KypMalone1 Certo ci vuole un bel coraggio ad intraprendere un progetto solista se si proviene da una delle band più apprezzate del momento. Kyp Malone, uno dei componenti più caratterizzanti dei TV on the Radio ha pubblicato recentemente un album a nome Rain Machine. E’ inevitabile purtroppo fare dei confronti ma se l’è cercata. Rain Machine è un percorso originale rispetto alla casa madre da cui si distanzia pur tuttavia mantenendo una certa assonanza. Un’operazione difficile ma tutto sommato riuscita. Dell’album non mi piace tutto e soprattutto, non mi piace quanto “Dear Science”, devo dire però che uno dei primi brani in scaletta “New last name” è bellissimo: Malone suona tutto da solo, da semplici legnetti che costituiscono per gran parte del pezzo l’unica percussione, alle due chitarre, una che gioca ad acchiapparello con la melodia e l’altra che si avvolge a spirale intorno alla prima con semplici arpeggi. Tutto ruota attorno alla sua incredibile voce nera e molto root, a quel modo quasi percussivo di cadenzare e di sottolineare le consonanti, ai suoi emozionanti falsetti.
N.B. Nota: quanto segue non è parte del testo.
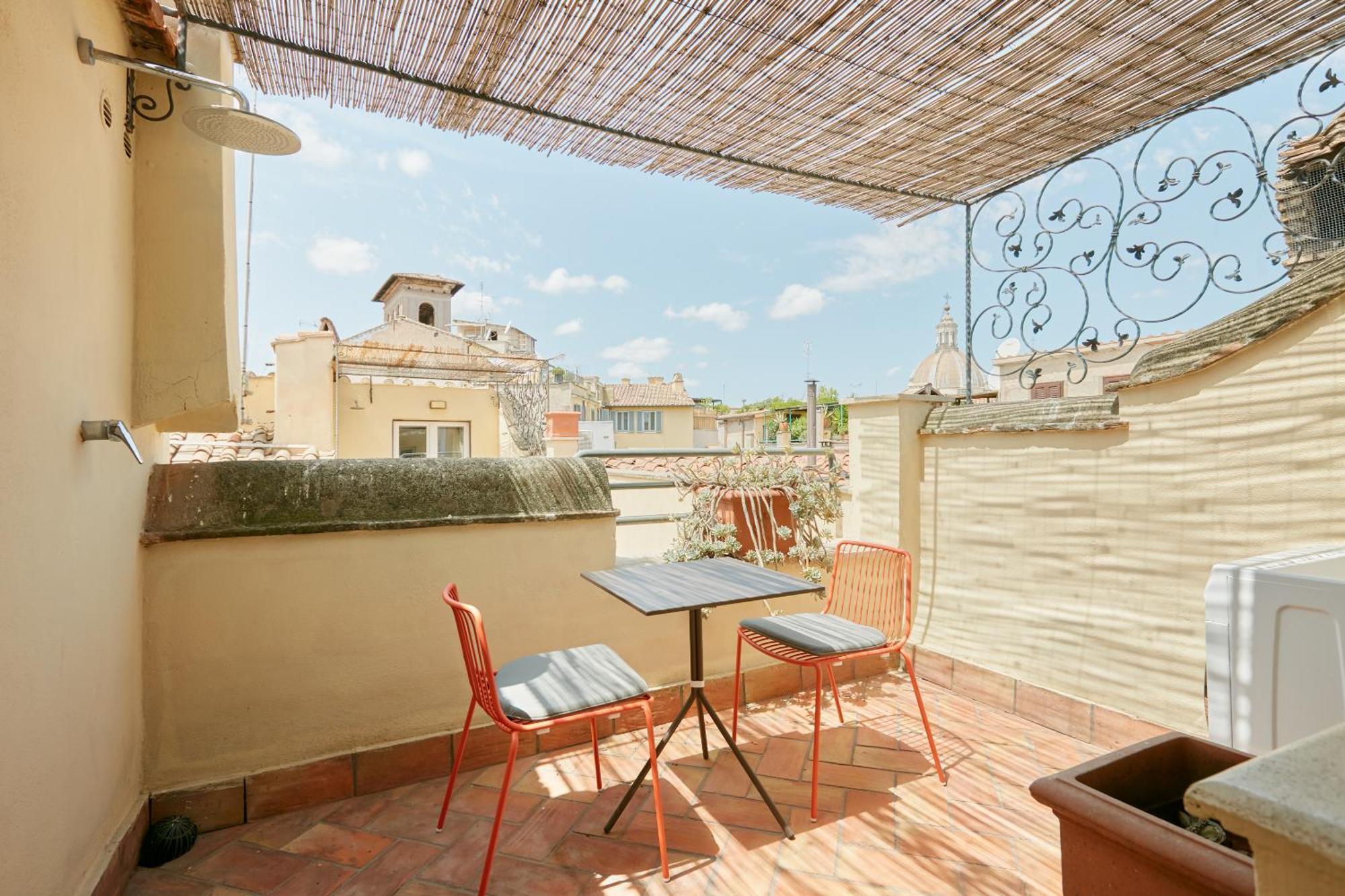 Montevecchio Boutique Apartments Rome Exterior photo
Rain Machine e i TV on the radio sono simili ma opposti, sono come due facce di una stessa medaglia, negativo e positivo di una stessa immagine. In contrasto con ciò che avviene nei TV on the radio dove l’aggiunta di vari strati di suono costituisce la trama complessa delle loro canzoni riempendo di suoni tutto il tempo e lo spazio, in questa canzone si fa notare il lavoro di un sapiente Malone che ha saputo limare con attenzione e pazienza tutto il superfluo per fare emergere una bellezza pura ed essenziale.